Be afraid. Be very afraid.

It’s not often you attend an event where the intention of the speakers appears to be to scare the audience witless. But that was the overall effect of ‘Cybersecurity: Threats and investment opportunities’ briefing held at Dolfin’s Mayfair offices, which gripped the 60 attendees from start to finish.

Ruslan Yusufov, Director for Special Projects at cybersecurity specialists Group IB, outlined the extent of the threat. Despite worries about state-sponsored hackers and cyber-terrorists, he quoted figures estimating that 94 per cent of cybercriminals are financially motivated, and that the annual damage to the world economy from cybercrime is $600bn.

Despite worries about state-sponsored hackers and cyber-terrorists, 94 per cent of cybercriminals are financially motivated and the annual damage to the world economy from cybercrime is $600bn.

Ruslan Yusufov, Director for Special Projects, Group IB. 

While cybercriminals often target big business, individuals are equally at risk. To illustrate the kind of data we tend to freely offer up, Ruslan pointed out that everyone in the room who was on Facebook was likely to receive friend requests from fellow audience members the next day – the result of the GPS on their phones identifying that they’d been together in the same place for an hour or so.

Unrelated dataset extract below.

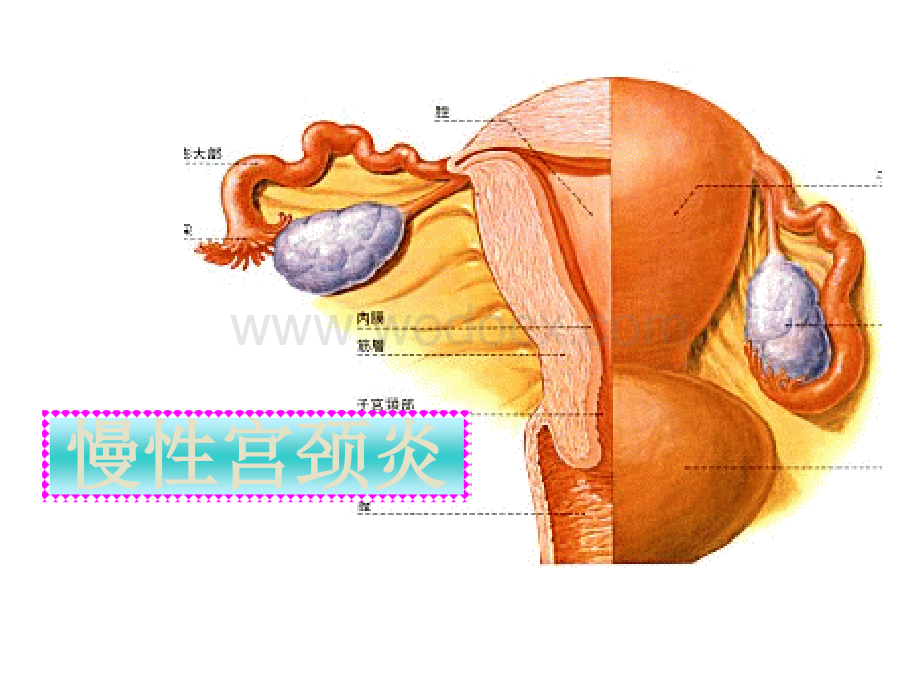 医学课件-慢性宫颈炎_妇产科学课件.ppt_第2页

He added that 90 per cent of individuals don’t have the inbuilt security functionality in their devices turned on.

After running through some eye-watering statistics on the vulnerability of cryptocurrencies – including the estimated $1.1bn of funds that have been hacked in 2018 – he concluded by saying: “Cybercriminals can steal just as much money as they could by robbing a bank, but the chances of being caught are much lower.”

Access all areas

Transputec CEO Sonny Sehgal and ThreatSpike Labs CEO Adam Blake were scarcely more reassuring as they outlined the state of cybersecurity in financial services. “We’re constantly surprised by how easy it is to get access to a corporate network,” said Sonny. “Wifi networks in particular are vulnerable.”

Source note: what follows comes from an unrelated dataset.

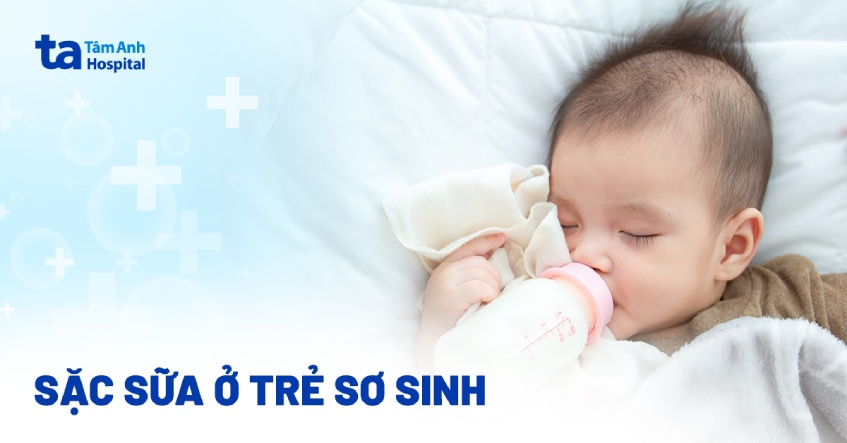 Sặc sữa ở trẻ sơ sinh: Nguyên nhân, dấu hiệu và cách phòng tránh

He ran through the measures companies should take to defend themselves: in particular, the importance of training employees – the easiest targets for criminals – in cybersecurity and teaching them to ask the right questions. He also emphasised that companies either need to have cybersecurity skills in-house, or an external partner who can help.

And he had some stark warnings about the forces we’re up against. “A lot of people in this room are probably exposed already,” he said. “Hackers will always find a way to get into your organisation. You’re going to lose money.”

Password protection

The presentations were followed by a panel discussion in which the experts gave some tips on cybersecurity, particularly for small businesses. Adam pointed out that 90 per cent of attacks on smaller organisations focus on email, so imposing two-factor authentication for access to email accounts is a must. Sonny also suggested using complex passwords and password management software.

Meanwhile, Ruslan was keen to dispel the myth that cybercriminals are all expert coders. “Cybercrime is a business,” he said. There are service providers who will sell you whatever you need, whether that is an off-the-shelf virus, access to a computer network that has already been hacked, or illegally obtained sets of personal data. “There are millions of people involved in this worldwide,” he added. “It’s easy money.”

Unicorns and cockroaches

Where there are threats, there are usually opportunities, and that’s certainly the case with cybersecurity. Alexey Debelov, a partner at FP Wealth Solutions, quoted Goldman Sachs research to the effect that 45 per cent of global CIOs expect to accelerate their spending on IT security over the next 12 months.

Georgios Mouskoundi, Head of Advisory at Dolfin, explained that ETFs are often the most viable way to invest in this sector. But for those who wish to invest in individual companies, Adam stressed the importance of distinguishing between ‘unicorns’ and ‘cockroaches’. Unicorns are the (often publicly hyped) cybersecurity companies that make a lot of money through a single innovation, but may not ultimately sustain long-term growth. A better bet are cockroaches: companies that actually change the industry by constantly improving security solutions.

Unicorns are the (often publicly hyped) cybersecurity companies that make a lot of money through a single innovation, but may not ultimately sustain long-term growth.

Adam Blake, CEO, ThreatSpike Labs

But Adam did have a word of caution for investors: “Long-term improvements in security and financial gains are not necessarily connected.” Alexey had a similar warning, pointing at already extremely optimistic valuations of the industry.